Loading edges for Parasise paper leads to cartesian product and slow creation of relationships

Hi there,

I have a neo4j question; I’m trying to load the panama papers and they have already prepared data. The nodes are fine but the edges give some trouble.

Here is the data; https://offshoreleaks.icij.org/pages/database and here are the first few lines;

"START_ID","TYPE","END_ID","link","start_date","end_date","sourceID","valid_until"
"85004927","registered_address","88000379","registered address","","","Paradise Papers - Aruba corporate registry","Aruba corporate registry data is current through 2016"
"85004928","registered_address","88016409","registered address","","","Paradise Papers - Aruba corporate registry","Aruba corporate registry data is current through 2016"
"85004929","registered_address","88005855","registered address","","","Paradise Papers - Aruba corporate registry","Aruba corporate registry data is current through 2016"

This is the cypher query;

USING PERIODIC COMMIT

LOAD CSV WITH HEADERS FROM 'file:///csv_panama_papers.2018-02-14/panama_papers.edges.csv' AS row

MATCH (startnode {node_id:row.START_ID}), (endnode {node_id:row.END_ID} )

CALL apoc.create.relationship(startnode, row.TYPE, {start_date:row.start_date, end_date:row.end_date, sourceID:row.sourceID, valid_until:row.valid_until}, endnode) YIELD rel

RETURN rel

When running this query I get a warning;

This query builds a cartesian product between disconnected patterns.

If a part of a query contains multiple disconnected patterns, this will build a cartesian product between all those parts. This may produce a large amount of data and slow down query processing. While occasionally intended, it may often be possible to reformulate the query that avoids the use of this cross product, perhaps by adding a relationship between the different parts or by using OPTIONAL MATCH (identifier is: (endnode))

MATCH (startnode {node_id:row.START_ID}), (endnode {node_id:row.END_ID} )

I can see where this goes wrong however I didn’t find a solution yet, and in order to maintain speed for this I can use some help. Can you help me on this one?

Looked here first;

I know there are other similar topics but as a newbie that didn't solve my problem which first of all is my lack of knowledge.
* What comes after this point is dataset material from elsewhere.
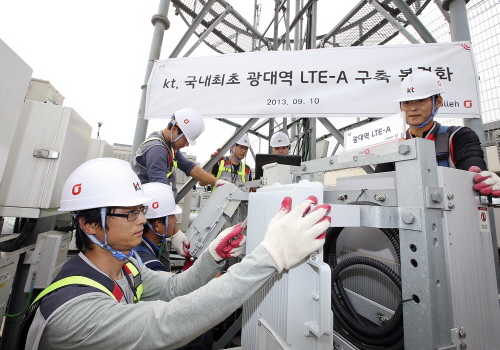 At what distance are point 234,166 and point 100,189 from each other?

Thanks anyway,.

Jos

So when the intent is to match on specific nodes with the intent to create a relationship between them, there is no choice but to create a cartesian product between the nodes (which are currently not connected). So the general approach is correct and you can dismiss the warning, this is not the source of the slowdown.

The problem is your match on your start and end nodes. You're not using labels in your pattern, so this is performing an all nodes scan for each node, and that's happening per row in your CSV.

You should have labels present on both of these nodes, and you should have a supporting index on the label that you are using and the node_id property so those matches become quick.

Hi Andrew, thanks for clarifying this. I have a hard time understanding where to use or put these labels. Below a screenshot of the current labels and properties. image

I have set indexes via these commands;
CREATE INDEX ON:ENTITY(node_id)
CREATE INDEX ON:ADDRESS (node_id)
CREATE INDEX ON:INTERMEDIARIES (node_id)
CREATE INDEX ON:OFFICER (node_id)
CREATE INDEX ON:OTHER (node_id)

And the edges file contains multiple different relationsip types, hence the APOC procedure.
How would I need to adjust the query?

Solved it y adding a general label on all nodes and used that for indexing. Much faster.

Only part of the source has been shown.